» Exercise instructions
Extract from the entries below, exactly as given, only the lines from the line containing "AI 360° Desktop Tracking Phone Holder" to the line containing "Traditionelles Keramik-Teedosen Geschenkset", both lines included.

» Extracted records
□ □ □ □ □ □ □

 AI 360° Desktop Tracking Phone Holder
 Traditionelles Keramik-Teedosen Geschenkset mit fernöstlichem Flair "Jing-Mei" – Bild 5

□ □ □ □ □ □ □

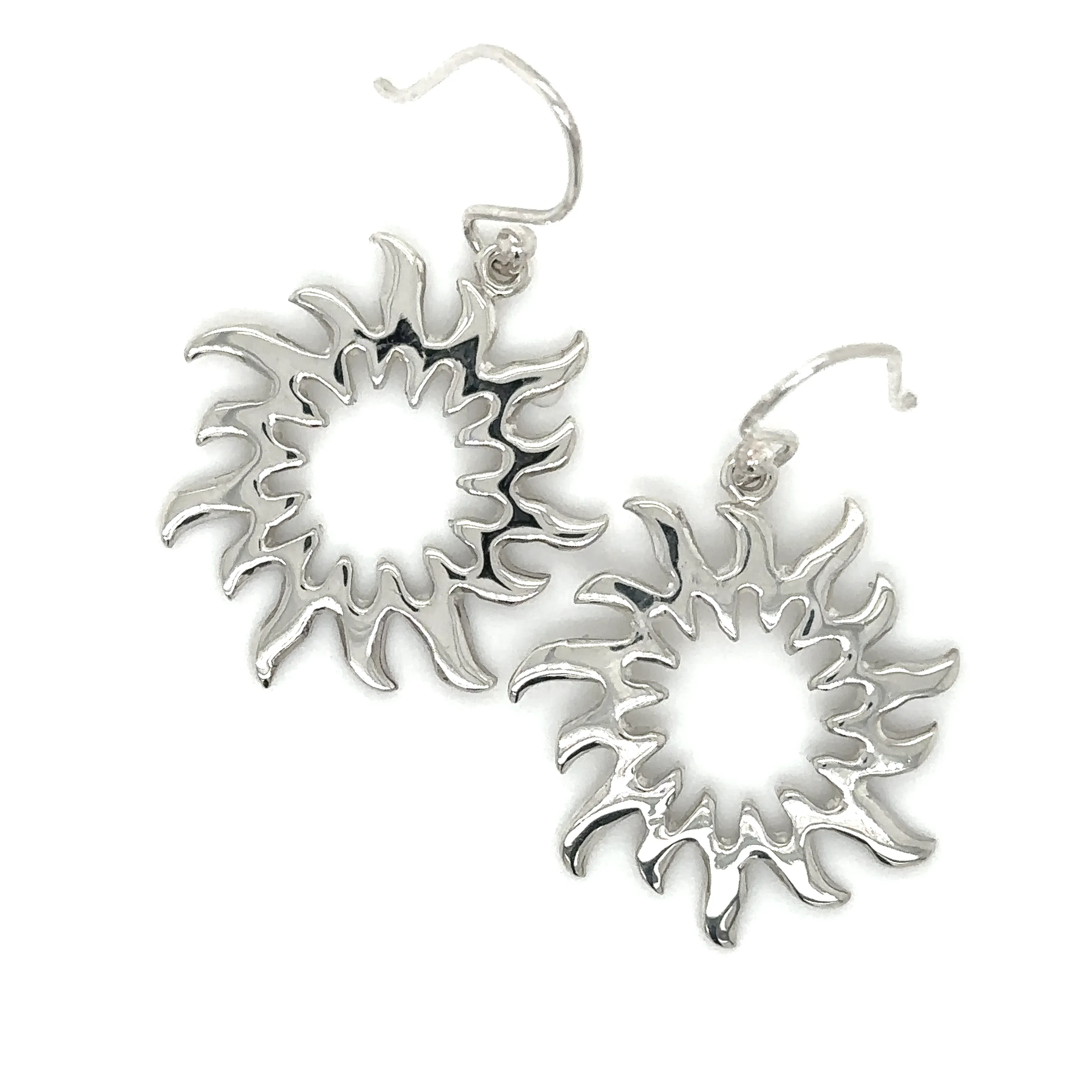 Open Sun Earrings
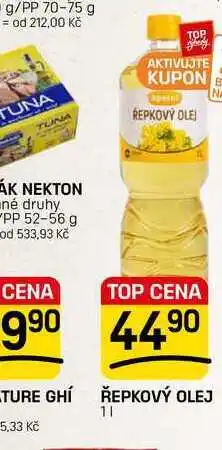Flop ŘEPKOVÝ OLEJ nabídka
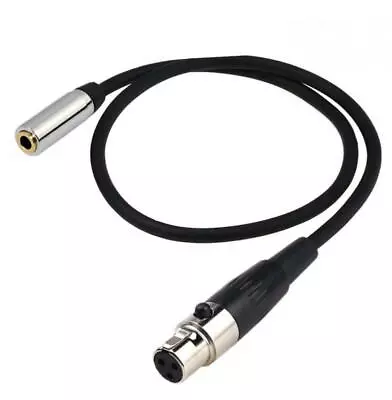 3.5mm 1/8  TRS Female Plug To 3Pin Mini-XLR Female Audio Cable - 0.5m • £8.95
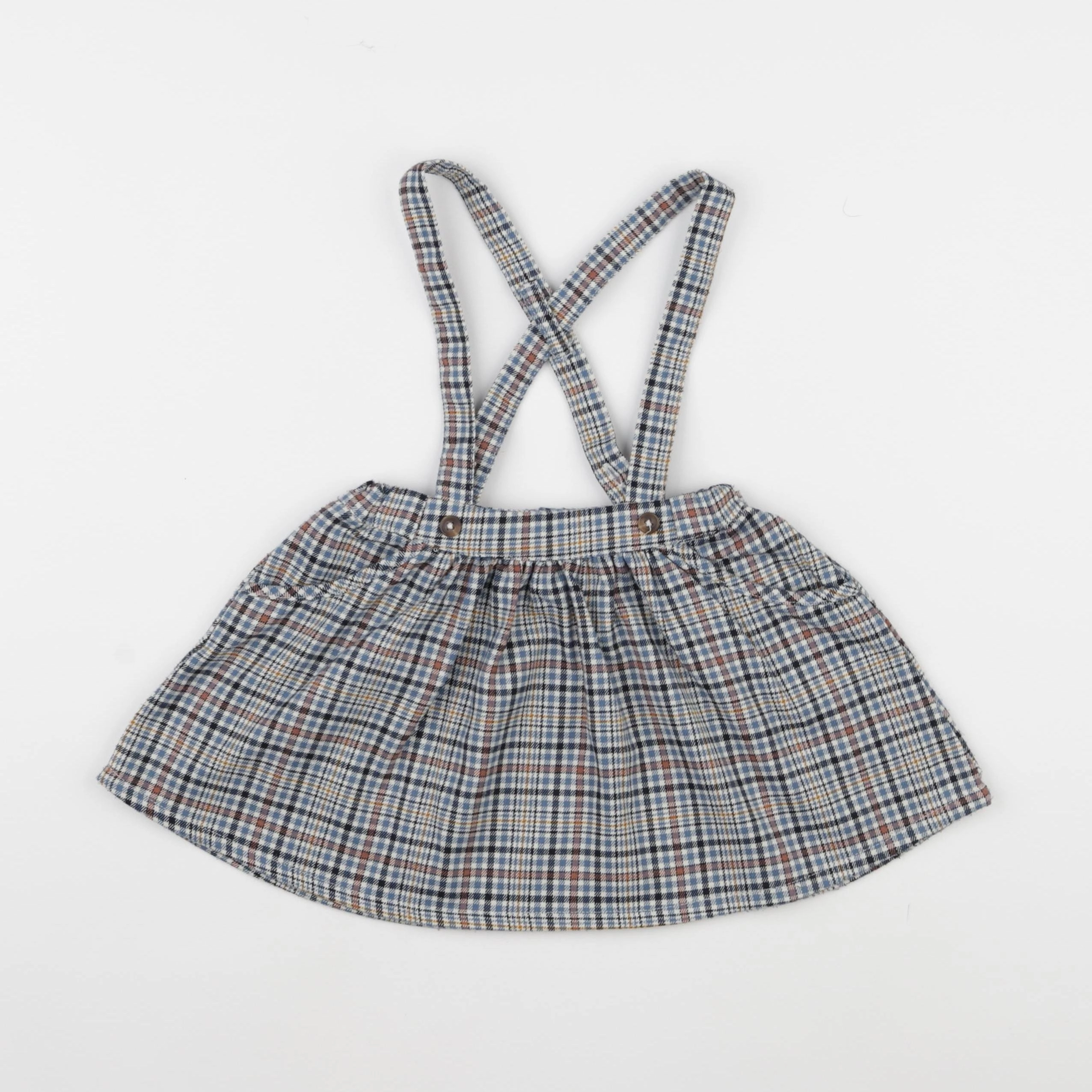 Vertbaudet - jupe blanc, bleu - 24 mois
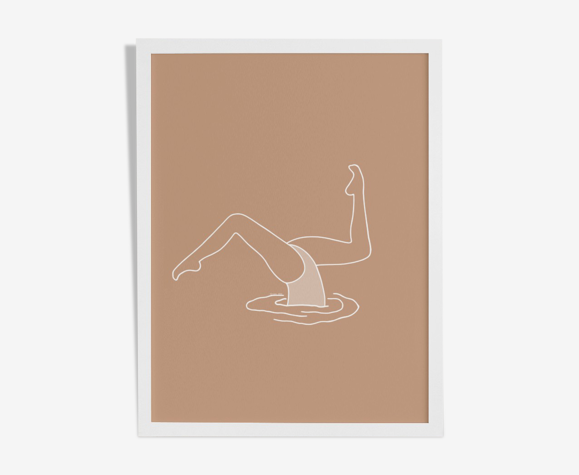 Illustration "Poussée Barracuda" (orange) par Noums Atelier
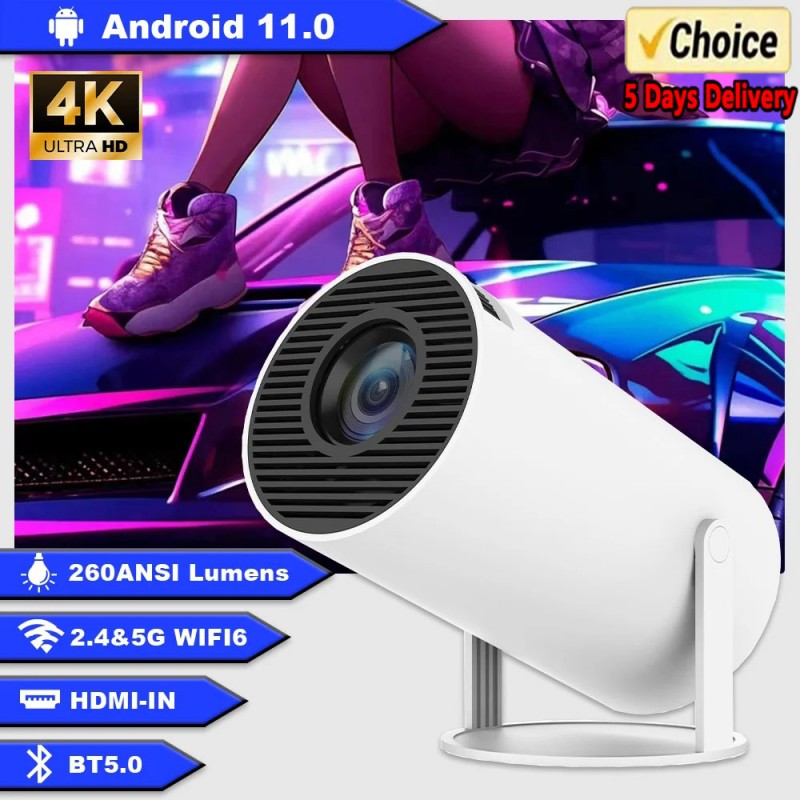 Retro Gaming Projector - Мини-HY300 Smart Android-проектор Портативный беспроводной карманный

□ □ □ □ □ □ □

» Result for this task
 AI 360° Desktop Tracking Phone Holder
 Traditionelles Keramik-Teedosen Geschenkset mit fernöstlichem Flair "Jing-Mei" – Bild 5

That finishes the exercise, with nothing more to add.